Some guides have already left and others will take about a week to pack up everything and go," said Gurung, whose brother is among those missing after an avalanche killed 13 sherpas and left three buried in deep snow.
Another sherpa guide, Pasang Sherpa, added: "Sixteen people have died on this mountain on the first day of our climb, how can we step on it now?"
The guides had threatened to cancel all climbing on Mount Everest and issued an ultimatum to the government, demanding higher compensation, an agreement to revise insurance payments and a welfare fund by next Monday.
The decision to abandon the season appeared to pre-empt the outcome of talks which are underway in Kathmandu. High-profile Western mountaineers left base camp for the capital Tuesday afternoon to seek a resolution to the crisis.
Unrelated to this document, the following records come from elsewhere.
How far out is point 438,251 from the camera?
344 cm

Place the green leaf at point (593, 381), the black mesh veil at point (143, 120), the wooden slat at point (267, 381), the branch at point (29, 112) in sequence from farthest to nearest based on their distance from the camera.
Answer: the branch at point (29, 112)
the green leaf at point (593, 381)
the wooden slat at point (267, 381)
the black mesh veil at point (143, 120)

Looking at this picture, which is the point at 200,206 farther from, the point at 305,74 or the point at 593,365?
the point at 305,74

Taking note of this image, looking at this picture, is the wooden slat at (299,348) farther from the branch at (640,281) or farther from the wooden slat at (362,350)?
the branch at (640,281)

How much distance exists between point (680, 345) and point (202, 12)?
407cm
"They have decided that compensation is not the only issue, they feel like they have to close down Everest this year as a memorial to those who died," said Ed Marzec, an American climber, who spoke to AFP from base camp.
Sherpas earn between $3,000 to $6,000 a season, but their insurance cover is almost always inadequate when accidents happen.
More than 300 people, most of them local guides, have died on the 8,848-metre (29,029-foot) peak since the first ascent by Edmund Hillary and Tenzing Norgay in 1953.